The Key Issues Within the Supply Chain
There is a need for effective risk management in the supply chain. It is essential for success in incidents such as natural disasters, unsettled bills, and transport disruption. The process will help in preventing losses and provide mitigation methods if risks happen. Managing perils will also help to safeguard an organization’s reputation and promote customer satisfaction. On the other hand, the supply chain should be flexible to bear the uncertainty in the market which is caused by socio-political events and changes in customer demands. Flexibility refers to an organization’s ability to efficiently respond to changes in time, product cost, and performance. Flexible supply chains are adaptable to market shifts and responsive to changes in demand and supply.

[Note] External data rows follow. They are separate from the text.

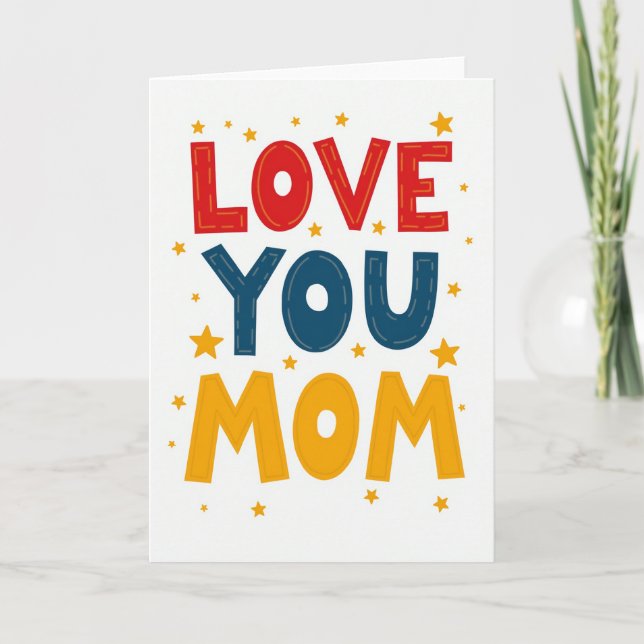 Liebe Mama Sterne Art Karte (Vorderseite)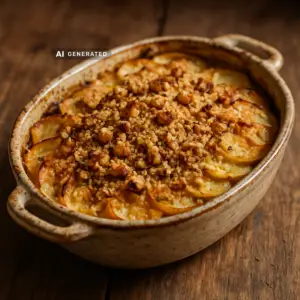Veganer Herbstgratin mit Kartoffeln, Pastinaken und Sellerie in einer Auflaufform, überbacken mit gerösteten Walnüssen
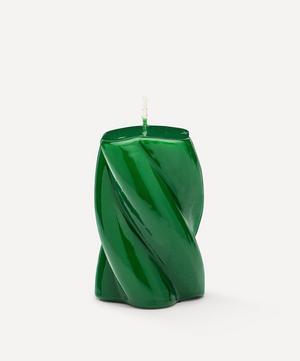 Short Blunt Twisted Candle Dark Green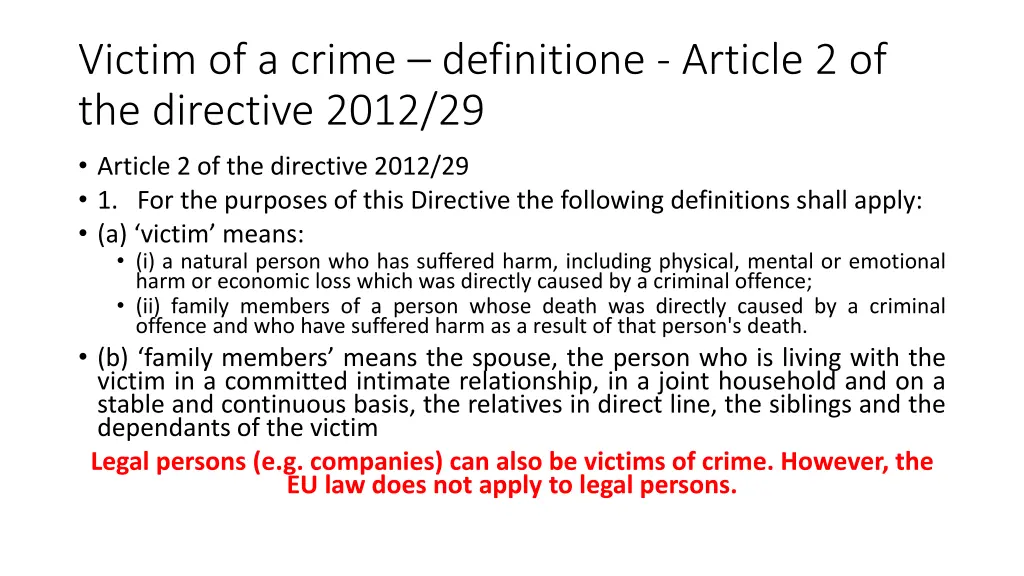 victim of a crime definitione article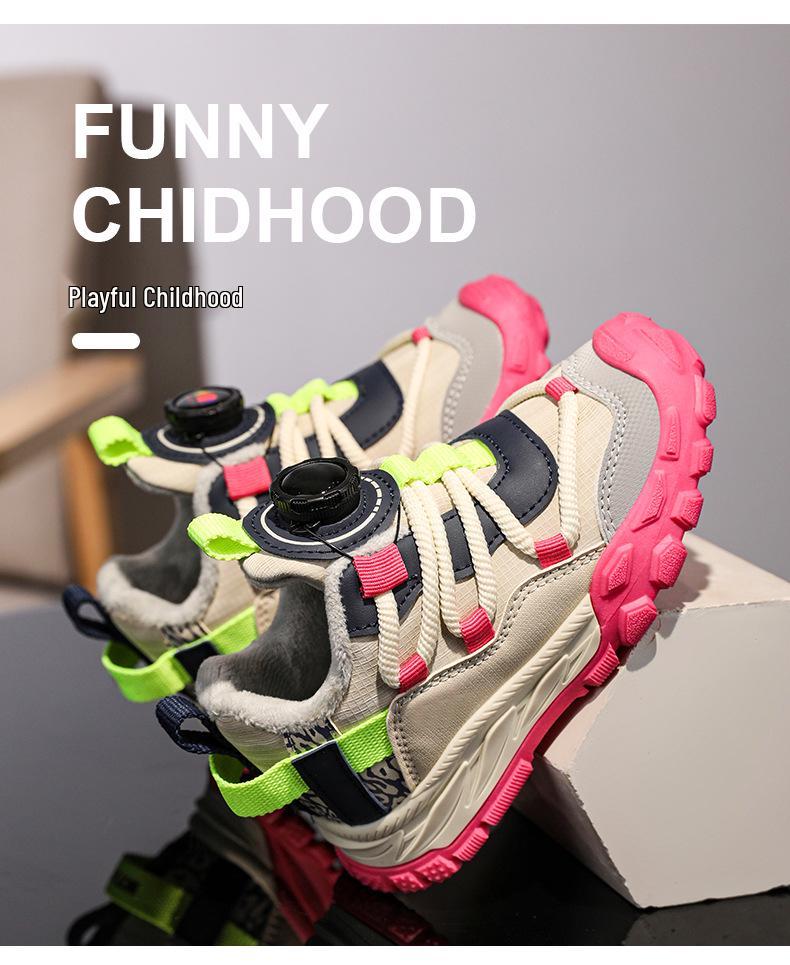 Boys' Winter 2024 Running Shoes: Soft Sole, Velvet-Lined, Casual Sneakers for Big Kids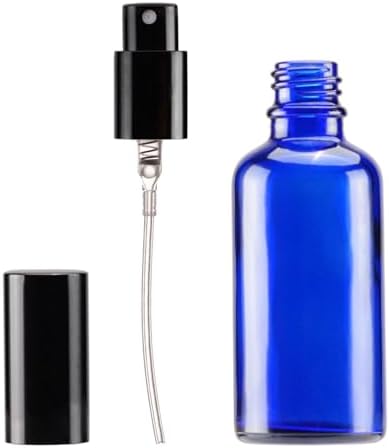 YIZHAO Blue Glass Spray Bottles 2oz, with Small Fine Mist Spray, Metal Cap, Refillable for Essential Oil,Travel,Cleaning,Perfume,Aromatherapy,Makeup – 6 Pcs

Potential Areas for Development and Improvement Along the Supply Chain
This paper will use the transaction cost economics theory to highlight some of the palm supply chain areas, which can be improved. According to Fayezi and Zomorrodi (2016), the concept holds that the cost of the good or service should comprise all the hidden costs during an economic exchange. The theory argues that for an organization to achieve economic efficiency, it has to strategize on reducing the costs of exchange. It states that each transaction generates coordination costs of supervising, controlling, and managing dealings. Since Fayez and Zomorrodi credit this model with the ability to solve several issues in the supply chain, this study will apply it in resolving some areas of concern in the palm oil scenario.
Risk Management
The supply chain requires the stakeholders to have a comprehensive procedure to manage risks with regards to traceability of mills, risk assessment, and encouraging physical certification and authentication. This enables the participants to focus their energy and resources on matters and areas of most significant hazard to order their activities, collaboration efforts, and investment in suitable ways. When the risks are adequately mitigated, the cost of exchange will be reduced, for example averting perils such as losses due to bad roads by optimizing or repairing roads.
Time Management
Shortening the time taken in moving products from one stage to another will minimize direct transport costs. One way of shortening the transport duration is to optimize routes, build mills, and collect points closer together and near the agricultural fields. Since the main aim of transaction cost theory is to reduce expenses as much as possible, there is a need to reduce the time and distance of moving products.
Flexibility
The supply chain needs to be flexible in how it works. It should be dynamic and able to respond to customer demands as they arise. In essence, the framework should be as agile as possible to achieve adaptability. For instance, if a user’s demand for palm oil reduces, the producers should consider a broader market to spread the risk or reduce their output volume. The move can help in reducing losses that may be related to transport costs and inventory management.
Quality Management
Good quality goods produced to meet customers’ growing demands would mean that the latter receive value for money. If stakeholders can consider improving product usefulness, clients will be motivated to buy them. The organization may not sell Low-quality items promptly, resulting in a high cost of maintaining inventory. Furthermore, the products could be spoilt, or the business may decide to sell at a throw-away price; these will automatically attract losses and additional expenses.
References
Fayezi, S., & Zomorrodi, M. (2016). Supply chain management: Developments, theories, and models. In Christiansen, B. (Ed.), Handbook of Research on Global Supply Chain Management (pp. 313-340). IGI Global.